No way did she want to lose the memory of their first kiss after that silly, teenage tussle.

Or the first time he'd taken her to the movies and instead of being one of a group of Walkers and Zan, arguing over who got the seats with the rail in front, it was just Mac and Zan, and they'd climbed to the top row, making it
their
place.

She didn't want to extinguish her recollection of the day they'd first made love and she'd been so excited she'd bit her hand to stop her cries until he'd pried it away from her mouth and encouraged her to make all the noise she wanted.

All those Mac and Zan memories.

She didn't want to forget their legend, not one single second of it.

“Mac.”

Her head turned, and he was staring at her. “Yes?”

“You're not moving.”

“I guess... I guess I don't want to burn the postcards anymore.”

“What do you want?” he asked, his torso turning toward her so that his left shoulder and left biceps—both hard and buff—were outlined in that golden light.

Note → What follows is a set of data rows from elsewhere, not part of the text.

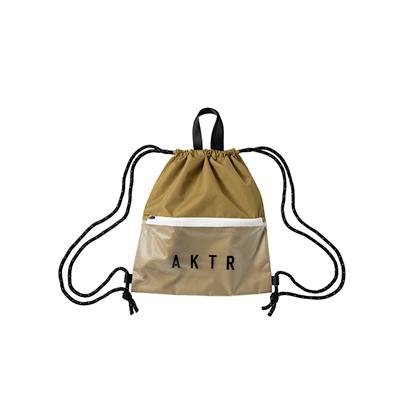 AKTR バッグ サックバック アクター COMBINATION KNAPSACK : Ultimate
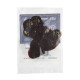 485R-05TH Celluloid Teardrop, Shell Thin Refill Bag/72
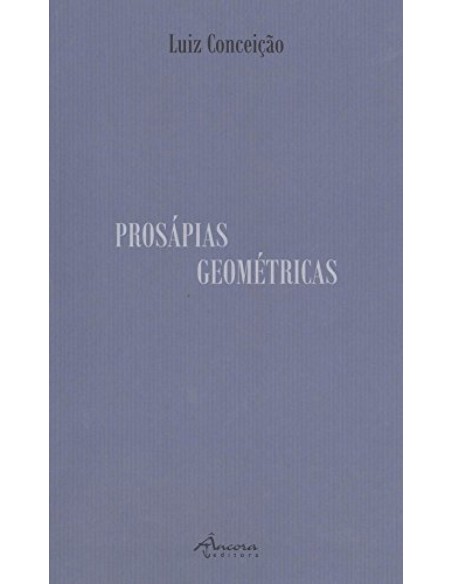 Prosapias geometricas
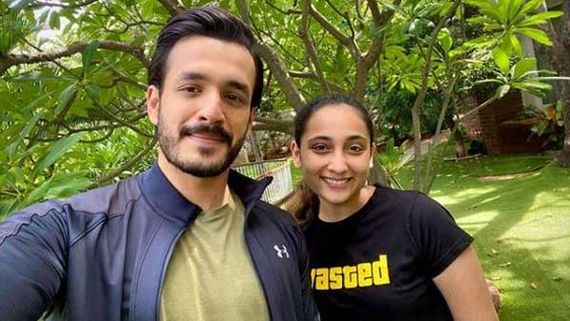 అక్కినేని ఇంట్లో వంట మనిషి.. ఆమె రేంజ్ మామూలుగా లేదు!!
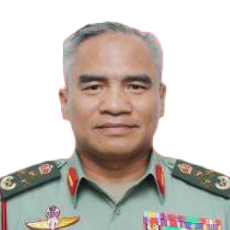 Lt Gen Dato' Seri Haji Muhammad Huzaimi bin Sabri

Her heart yearned, but so did other parts of her.

“Mac, baby, what do you want?”

Him. Forever. But she could never let him know that because without her pride, her mere bones wouldn't keep her standing.

So creating another memory of them together would have to do. A final memory. The idea of it tightened her throat and made her eyes burn, but she managed to pin on a sassy smile. “I don't know. If you can rustle up a deck of cards, maybe we can play that strip poker you mentioned the other night.”

His spine went rigid and he didn't smile back. Her effort at sassiness petered out in an instant and for a long moment he just looked at her. Then he scooted closer and cupped her face in his hand. “No games this time, Mac. Okay?”

“Okay,” she whispered, turning her head to kiss his palm. “No games.”

But he still let it be her show and she crawled over the postcards to him. They scattered across the carpet as she moved, scenes of all the places he'd been, crushed beneath her knees and then their bodies as she undressed him. With her hand, she shoved him down so he was on his back and she let her hair curtain them both as she kissed him, kissed him deep and deeper, wet and wetter. His hand clutched her hip as she rolled her lips over his stubbled chin and down his neck.

Then he was pushing up her shirt as she continued to explore his naked chest with her mouth. She tossed it away, and then he one-handedly worked at the hooks of her bra. It fell away, too, as she licked a trail down his belly.

His hand fisted in her hair, drawing it to one side so he could watch her take him into her mouth. She lavished her attention there, pulling him in, memorizing the taste of him on her tongue.

Glancing up, she saw his gaze fixed on her. She sucked harder, giving the performance of her life, her final performance, and she got into it, because this wasn't a play or a game, of course, but a wordless demonstration of all she felt for him.

He groaned, his fist tightening on her hair, and then he was drawing her away from him. She tried resisting and persuading, drawing her tongue along the hard shaft, but he kept tugging her upward and then he had turned the tables, his body on hers.

The postcards dug into her naked back, but she forgot about them as he drew off her jeans and panties. Zan crawled between her spread thighs and she looked into his face, committing the tenderness there to memory.

With an old wrestling move taught to her by her brother, Mac flipped Zan once again. She hovered over him, knees straddling his hips, her hands caressing his chest. Then she reached down, circled his hard and damp cock with her fingers and fit it to the pulsing groove between her legs.